A port of OpenAI's Whisper Speech Transcription model to CoreML
The goal of this project is to natively port, and optimize Whisper for use on Apple Silicon including optimization for the Apple Neural Engine, and match the incredible WhisperCPP project on features.
Please note this repo is currently under development, so there will be bumps in the road.
Community input is welcome!
You can:
Create a Whipser instance whisper = try Whisper()
And run transcription on a Quicktime compatible asset via: await whisper.transcribe(assetURL:URL, options:WhisperOptions)

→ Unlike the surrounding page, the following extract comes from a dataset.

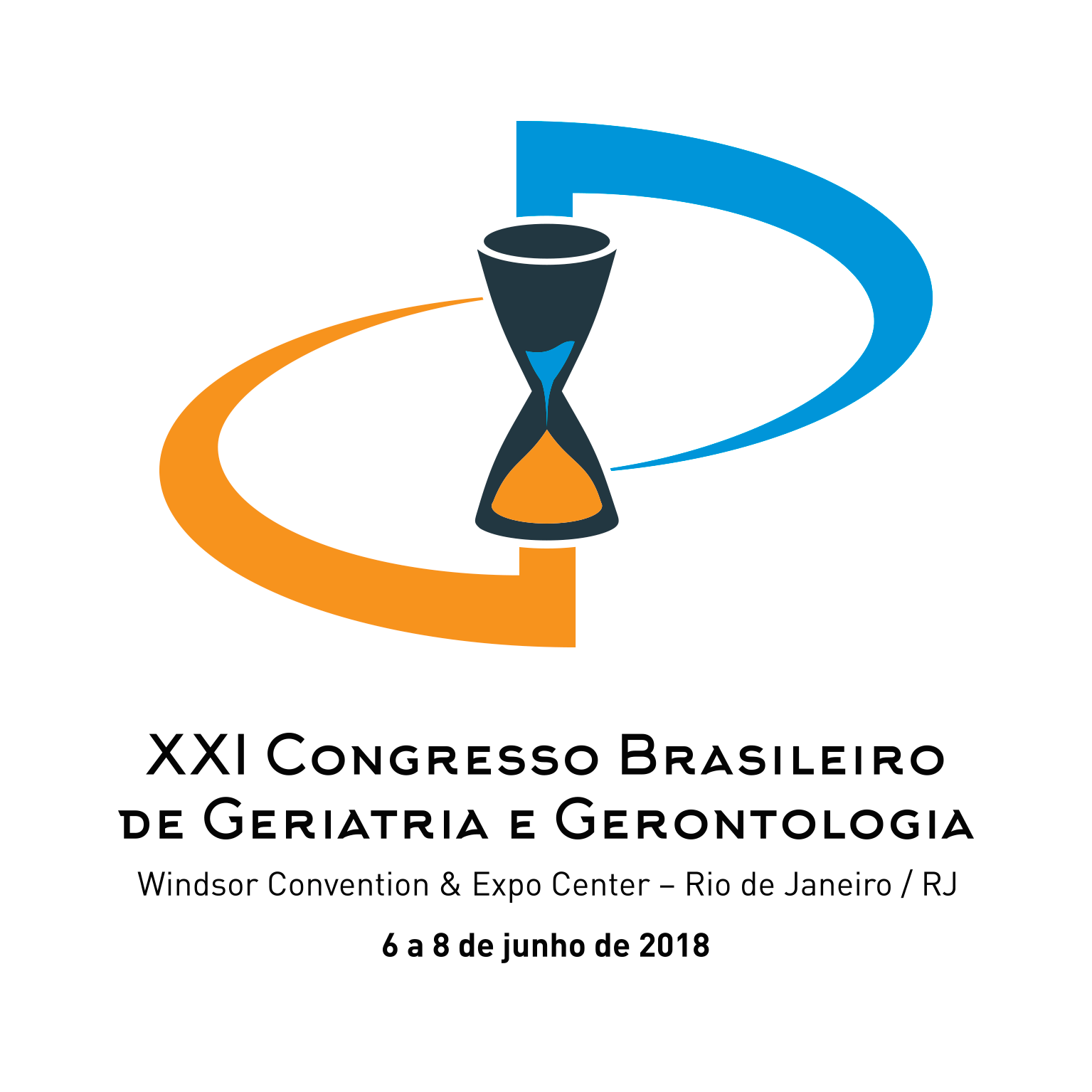 CBGG 2018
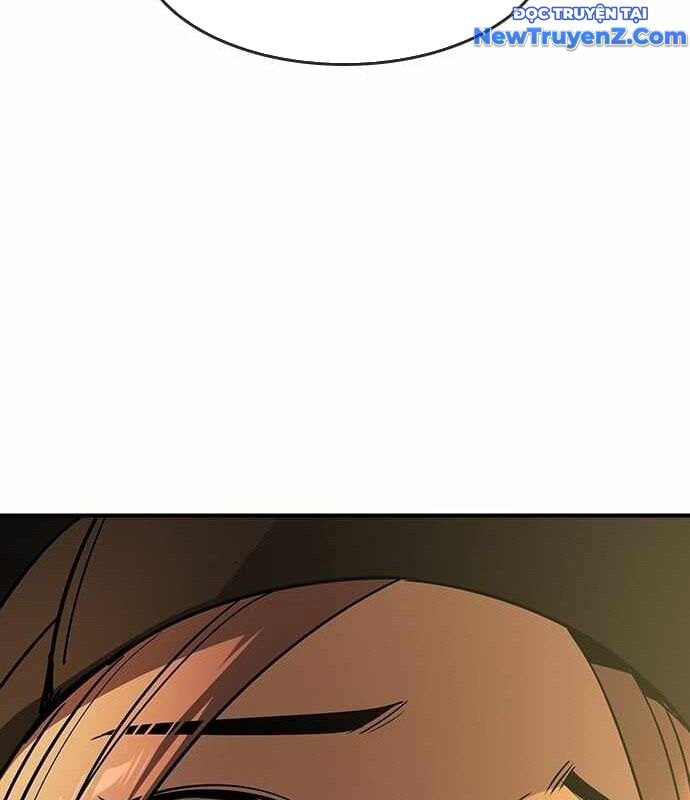 Quý Công Tử - Chapter 24 - Page 108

You can choose options via the WhisperOptions
struct.
Whipser CoreML will load an asset using AVFoundation and convert the audio to the appropriate format for transcription.
Alternatively, for realtime usage, you can call start a whisper session via startWhisperSession(options:WhisperOptions)
, and then send sample buffers to accrueSamplesFromSampleBuffer(sampleBuffer:CMSampleBuffer)
from say an AVCaptureSession or AVAudioSession, or any other source.
Note, we accrue a 30 second sample for now as that is the expected number of samples required.
- Working Multi Lingual Transcription
- Optimize the CoreML models for ANE using Apples ANE Transformers sample code found at this repository
- Port Log Mel Spectrogram to native vDSP and ditch RosaKit package dependency.
- Decode Special Tokens for time stamps.
- Decide on API design
- Base model gets roughly 4x realtime using a single core on an M1 Mac Book Pro.
For ease of use, you can use this Google Colab to convert models. Note that if you convert Medium or larger models you may run into memory issues on Google Colab.
This repository assumes youre converting multilingual models. If you need 'en' models you'll need to adjust the special token values by negative 1.